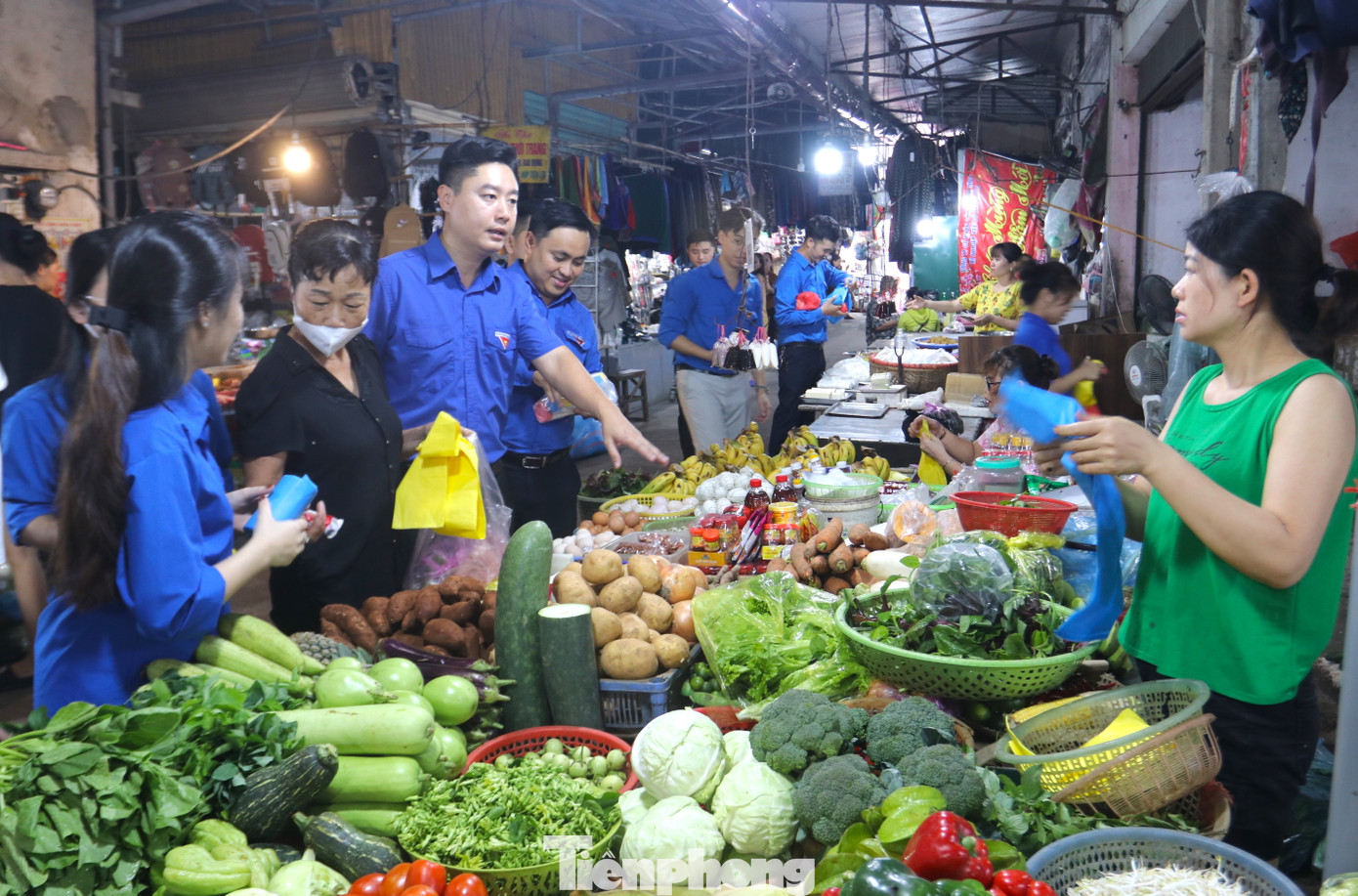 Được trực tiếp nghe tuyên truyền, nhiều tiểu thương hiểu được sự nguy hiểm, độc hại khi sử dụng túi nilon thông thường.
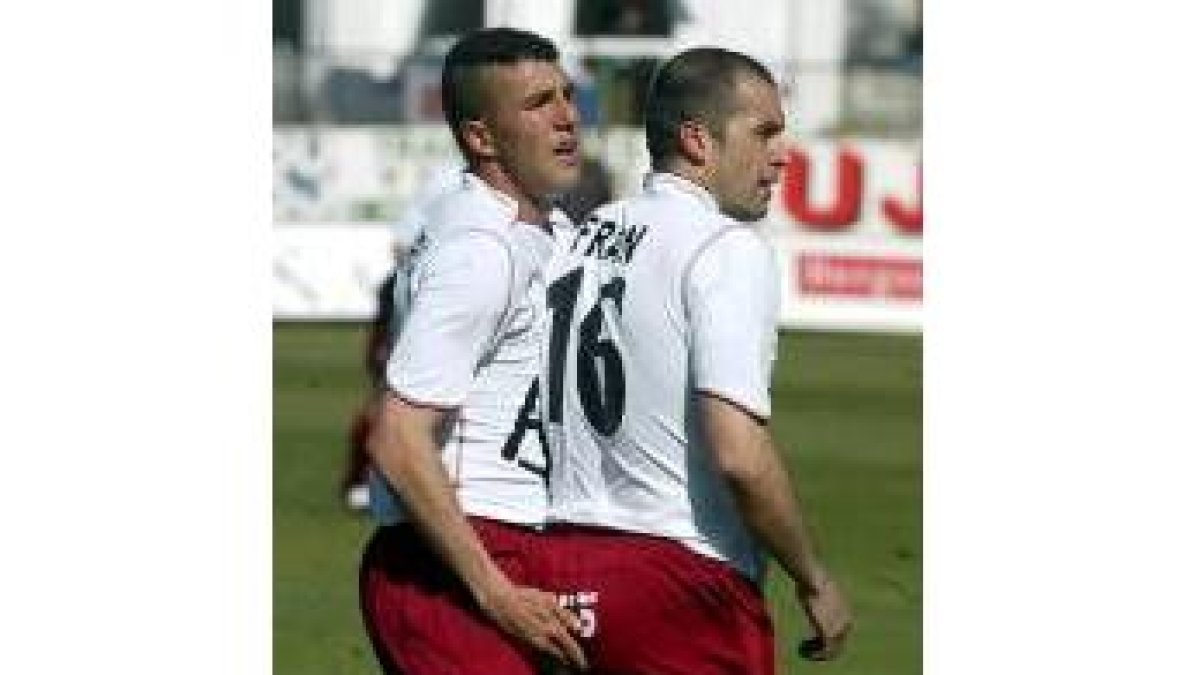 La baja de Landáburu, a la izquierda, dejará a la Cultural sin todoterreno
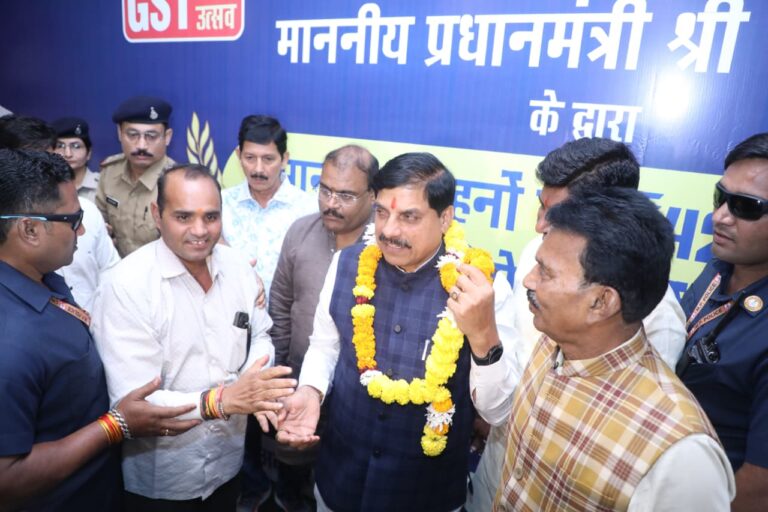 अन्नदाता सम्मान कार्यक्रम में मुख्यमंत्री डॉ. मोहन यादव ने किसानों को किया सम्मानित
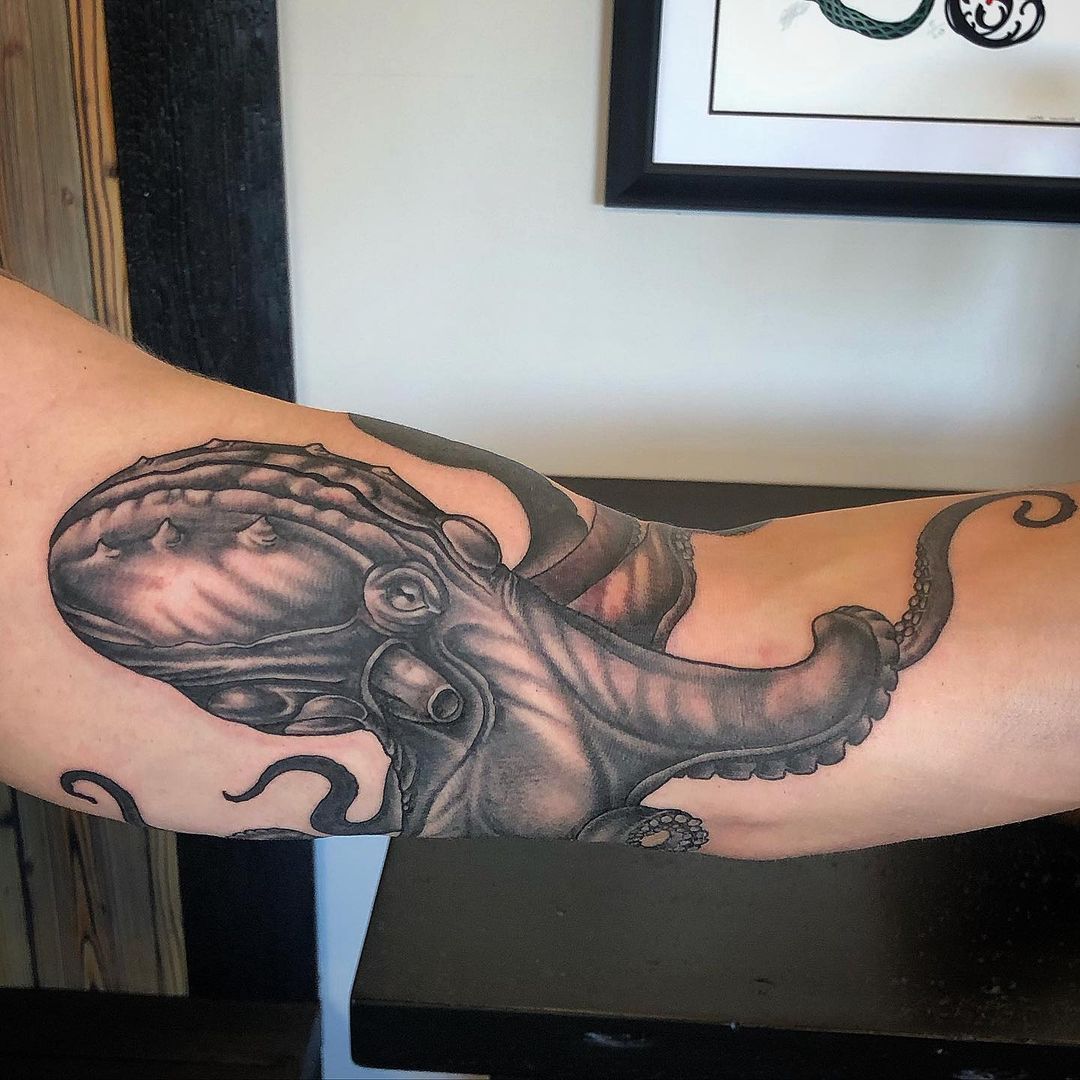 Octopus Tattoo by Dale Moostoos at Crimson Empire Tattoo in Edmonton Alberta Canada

··········

**What you need to do**. Reprint the data verbatim, pictures excluded.

**Exercise solution**.
 Được trực tiếp nghe tuyên truyền, nhiều tiểu thương hiểu được sự nguy hiểm, độc hại khi sử dụng túi nilon thông thường.
 La baja de Landáburu, a la izquierda, dejará a la Cultural sin todoterreno
 अन्नदाता सम्मान कार्यक्रम में मुख्यमंत्री डॉ. मोहन यादव ने किसानों को किया सम्मानित
 Octopus Tattoo by Dale Moostoos at Crimson Empire Tattoo in Edmonton Alberta Canada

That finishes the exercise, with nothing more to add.